Remove the plugs and try to crank it......stand clear as water may come shooting out of the plug holes.
If it blows water and cranks then, at minimum, the head gasket has failed.
Once removed, the head should be sent to a machine shop to check for warpage and, if it is within spec. then a gasket should be all you need.
And, of course, a oil change since some coolant is intermixed.

I tend to think of a head gasket as a 'fuse' of sorts......often it fails before any other significant damage occurs.

Regards,
Rob


----------



## caldridge4 (Oct 30, 2016)

I looked at the oil quickly again this morning and still see only a couple of milky streaks. I also took the spark plugs out and they were wet with gas. I got the car to start when I was still on the side of the road, but it struggling, so I did pump the gas quite a lot. The temp was still a few lines past half (usually sits 1 line below half), so I turned the car off again to allow it to cool some more. When I tried to start it after that, it wouldn't start, but tried and tried to turn over, and I was pumping the gas again. Could I have fouled the spark plugs?
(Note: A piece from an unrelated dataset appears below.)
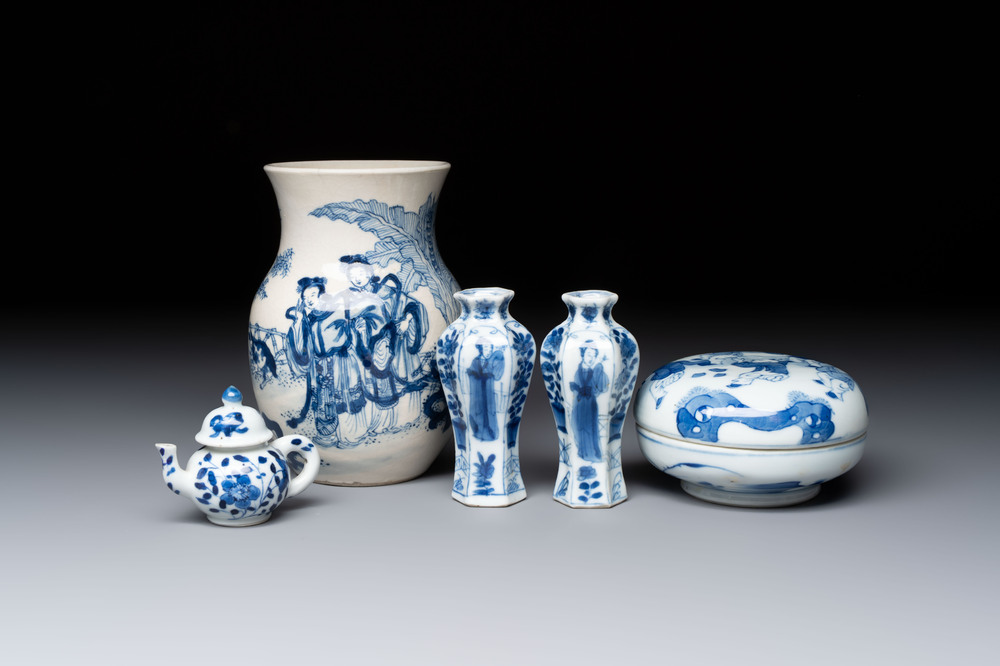 A Chinese blue and white vase, a pair of miniature vases, a covered teapot and a covered box, Kangxi and artemisia leaf mark, Kangxi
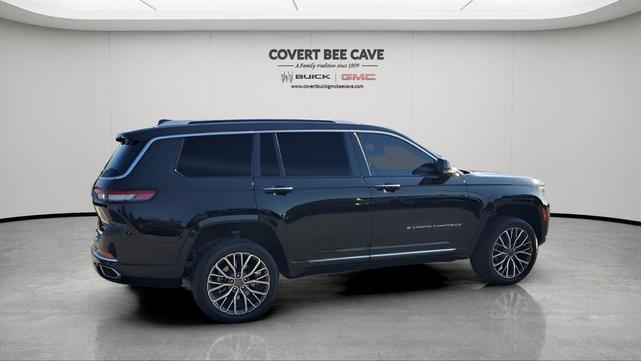 Photo of 2024 Diamond Black Crystal Pearlcoat Jeep Grand Cherokee L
My next plan is to drain the oil and see what it looks like. I remember the oil when the head gasket blew in the Impala and it looked like overly creamed coffee.


----------



## caldridge4 (Oct 30, 2016)

Robby said:


> Remove the plugs and try to crank it......stand clear as water may come shooting out of the plug holes.
> If it blows water and cranks then, at minimum, the head gasket has failed.
> Once removed, the head should be sent to a machine shop to check for warpage and, if it is within spec. then a gasket should be all you need.
> And, of course, a oil change since some coolant is intermixed.
> ...



Okay, I attempted to crank it, and gas shot out of it, but it looked a little dirty. I don't really know what I'm listening for, but I did record it. On the second video, it sounds kind of like a knocking sound on the video, but it was actually a "wet" glugging sound.

https://youtu.be/gzqhD6uYWQc

https://youtu.be/2ylCmFaEzX8


----------



## caldridge4 (Oct 30, 2016)

It shot mostly out of the middle 2 plugs, and here's what it looks like.


----------



## Robby (Mar 1, 2013)

caldridge4 said:


> It shot mostly out of the middle 2 plugs, and here's what it looks like.


Looks like droplets of dex cool (coolant) to me. Wet plugs, fuel or water, won't spark.....the fluid provides a ground path.

Based on your photo and cyls 2 and 3 being affected, I'm lining up towards a head gasket failure. Four bangers typically blow between the center cylinders.
Did you get much white smoke when you started it on the road?
Minimize running it though......coolant will kill the catalyst.

Rob


----------



## caldridge4 (Oct 30, 2016)

Robby said:


> caldridge4 said:
> 
> 
> > It shot mostly out of the middle 2 plugs, and here's what it looks like.
> ...


No white smoke at all, actually. I am draining the oil as we speak and have the plugs open to hopefully help evaporate whatever's in there. I've also found all the parts I need available for immediate pick up only a couple miles away.


----------



## caldridge4 (Oct 30, 2016)

Definitely a blown head gasket. I haven't even seen oil come out yet, it's all water so far.


----------